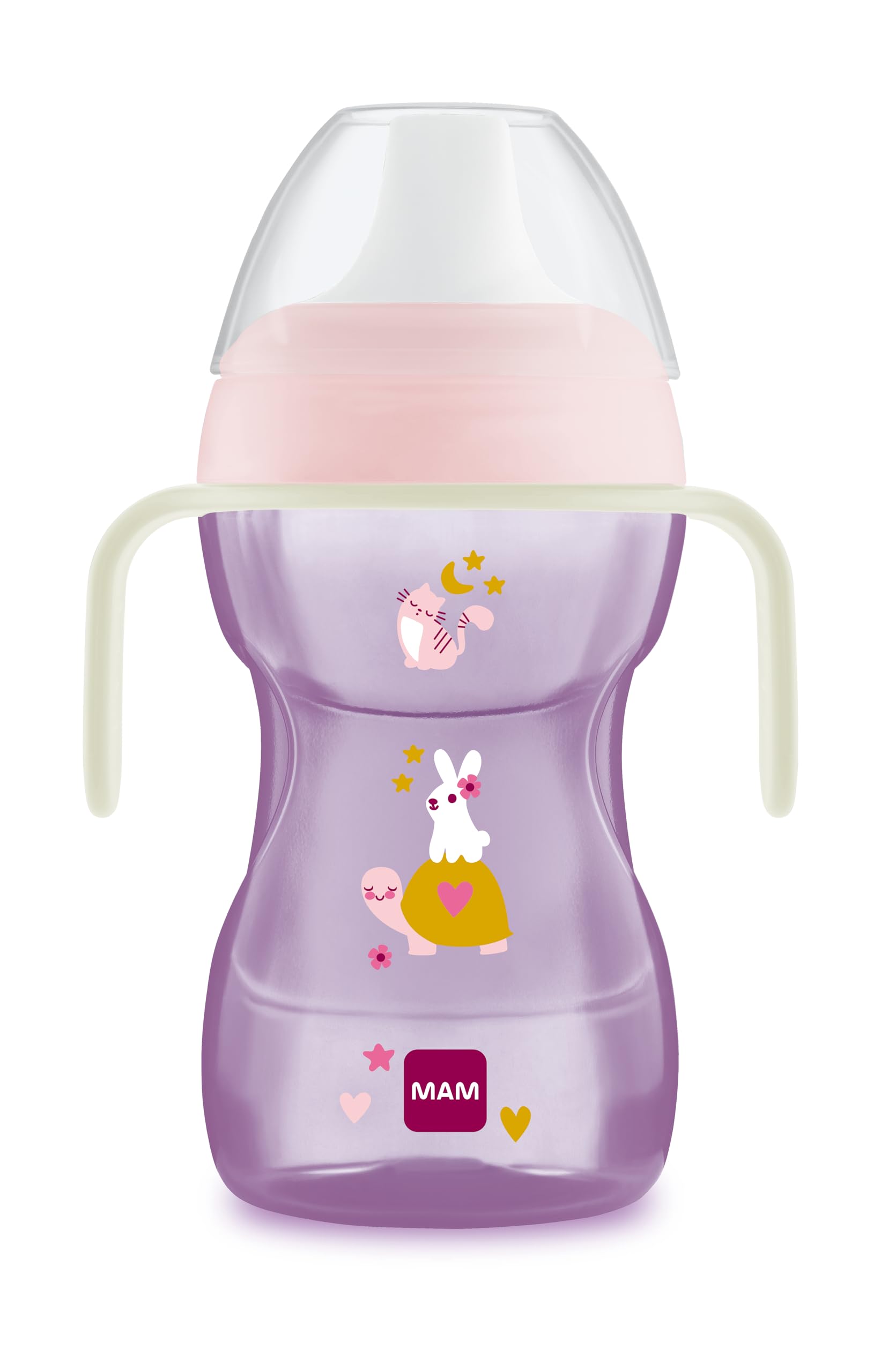 MAM Learning Cup, from 8 Months, 270 ml, for The Transition to The Normal Cup, Hard Spout with Removable Anti-Spill Valve, with Glow-in-The-Dark Handles, Pink, Pack of 1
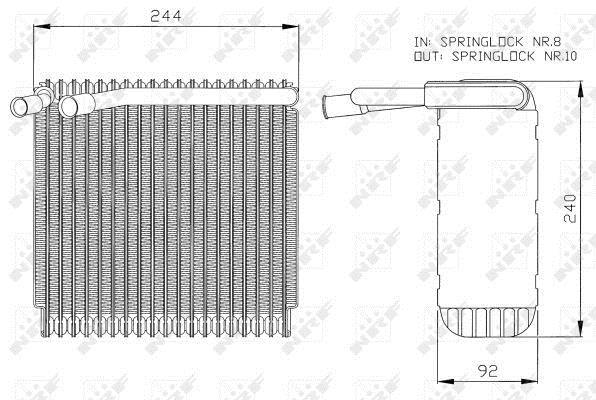 Evaporador de ar condicionado NRF B.V. ref. 36027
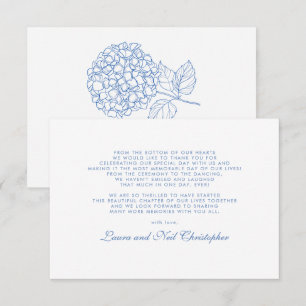 Modern Hydrangea Dusty Blue Wedding Thank You Card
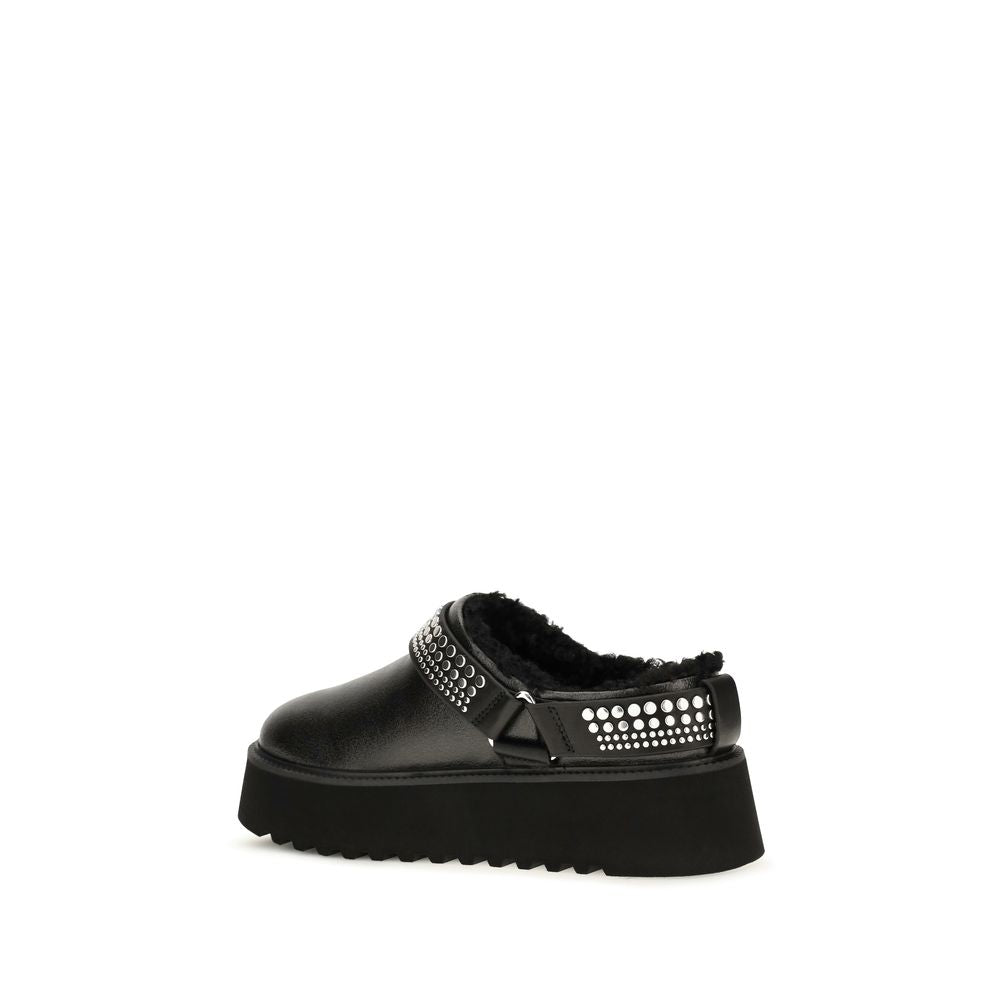 PINKO Black Calf Leather Bos Taurus Women's Clogs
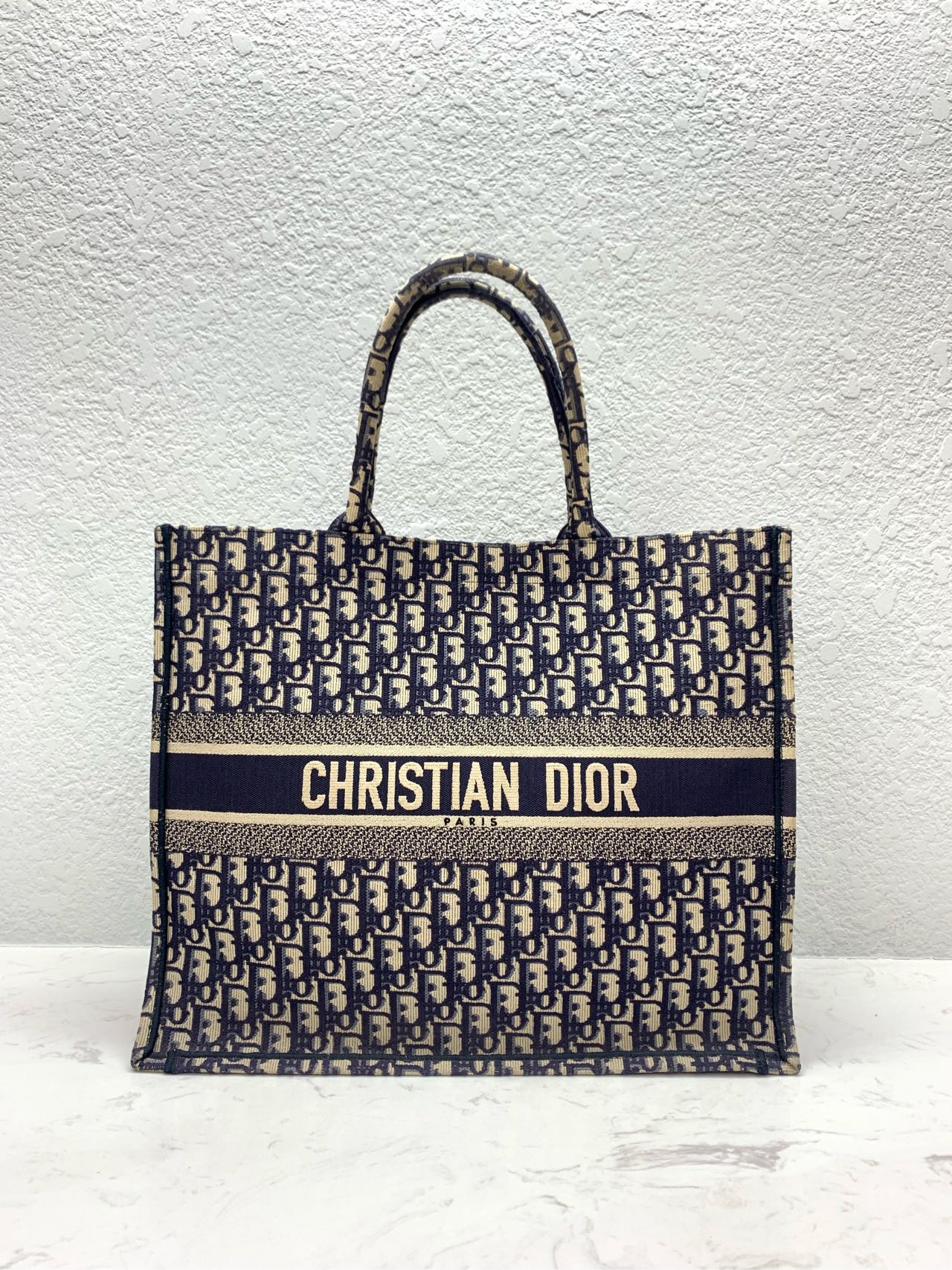 Dior - Book Tote Large - Jacquard canvas - Blue with Beige - (large)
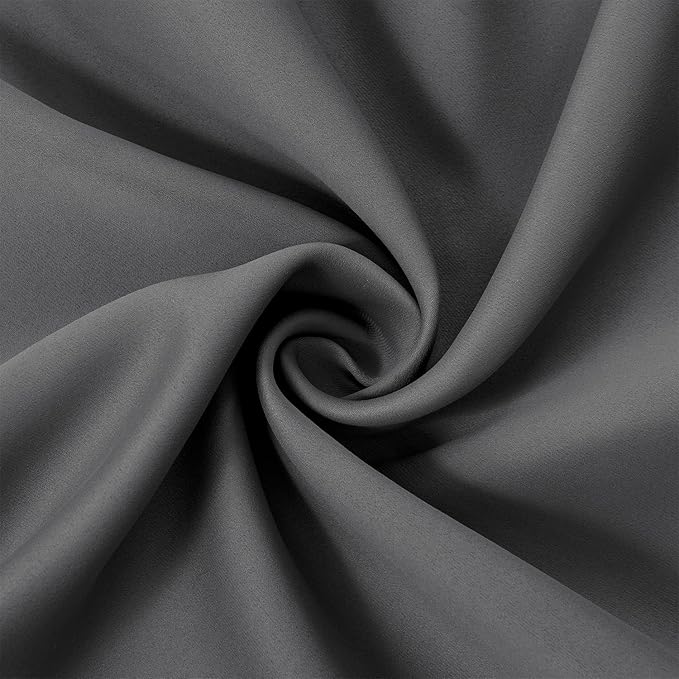 LEMOMO Grey Blackout Curtains/52 x 72 Inch/Set of 2 Panels Thermal Insulated Room Darkening Curtains for Bedroom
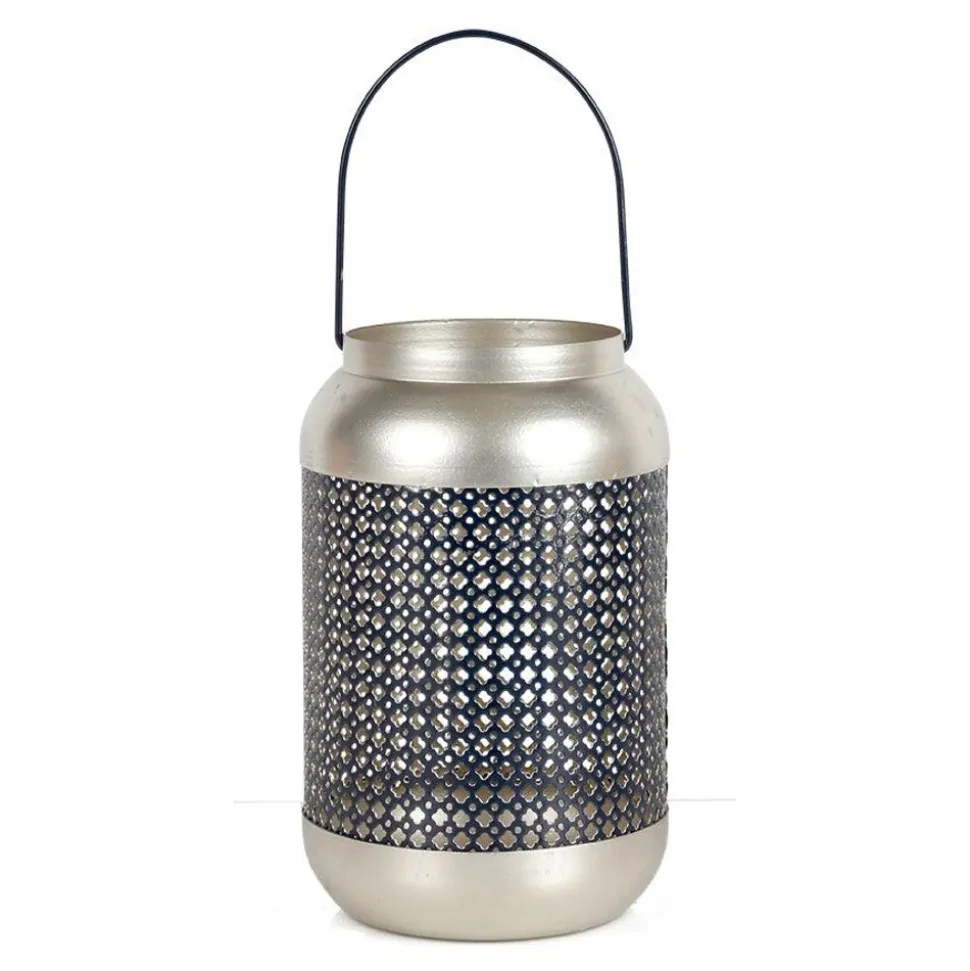 Metall-Laterne Oriental 14X22Cm Dunkelblau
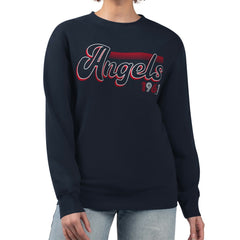 Navy Los Angeles Angels Starter Women's Groovy Script Team Fleece Pullover Sweatshirt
^^^^^^^^
■ **TASK**
An answer containing only the lines from the one holding "Evaporador de ar" through the close of the entries above, reproduced exactly and stripped of pictures, is expected.

■ **TASK SOLUTION**
 Evaporador de ar condicionado NRF B.V. ref. 36027
 Modern Hydrangea Dusty Blue Wedding Thank You Card
 PINKO Black Calf Leather Bos Taurus Women's Clogs
 Dior - Book Tote Large - Jacquard canvas - Blue with Beige - (large)
 LEMOMO Grey Blackout Curtains/52 x 72 Inch/Set of 2 Panels Thermal Insulated Room Darkening Curtains for Bedroom
 Metall-Laterne Oriental 14X22Cm Dunkelblau
 Navy Los Angeles Angels Starter Women's Groovy Script Team Fleece Pullover Sweatshirt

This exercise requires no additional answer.